The Egrant inquiry dismissed documentation showing Michelle Muscat’s alleged ownership of Egrant on the basis of declarations by a former Mossack Fonseca employee about the signatures appearing on it.
Mossack Fonseca was notoriously indifferent to the signatures appearing on documents it processed. Consider the case of a Slovenian inspector who lost his job when a Panama company in his name was found by the Panama leaks.
It later turned out that the signature on the company documents was not his and a Chinese intermediary likely set up off-shore companies stealing the inspector’s identity for the purpose.
The case was investigated by news organisation Oštro that in March 2016 contacted a Mossack Fonseca employee who admitted to them the signatures did not match.
A senior representative of a Chinese pharmaceutical company Menovo may have misused the passport of the European inspector to set up offshore companies in his name. In 2016 the inspector filed a criminal complaint for identity theft and was dismissed by his employer.

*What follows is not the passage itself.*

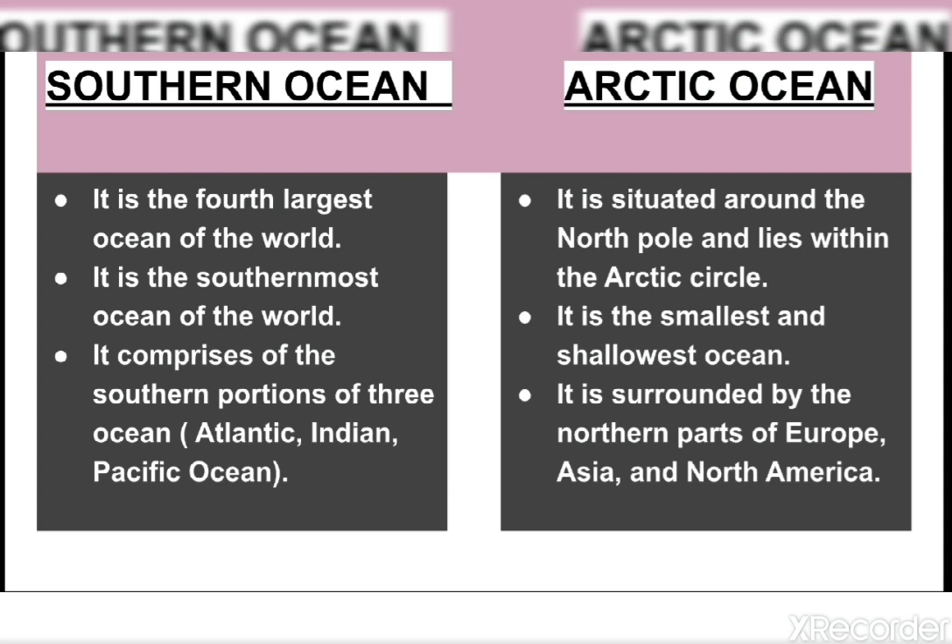The Southern Ocean, or Antarctic Ocean, is the fourth largest ocean of the world. Earlier there were only four major oceans, but in the year 2000 the International Hydrographic Organization added this Southern Ocean to the list. It is the southernmost ocean of the world, around the South Pole. It comprises the southern portions of the Atlantic Ocean, Indian Ocean, and Pacific Ocean, which lie beyond the Antarctic Circle.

The passport copy used to set up the offshore companies seems to bear a different signature from the inspector’s real passport. Mossack Fonseca employees performed an internal check and confirmed the irregularity after receiving questions from Slovenian reporters in 2016.
“Signatures … are NOT the same,” confirmed a Mossack Fonseca employee after receiving questions from journalists.
This is not a unique occurrence at Mossack Fonseca. The testimony of a formal employee of this organisation was the basis for dismissal of documentation suggesting Michelle Muscat owned Egrant, a company set up by Mossack Fonseca in 2013.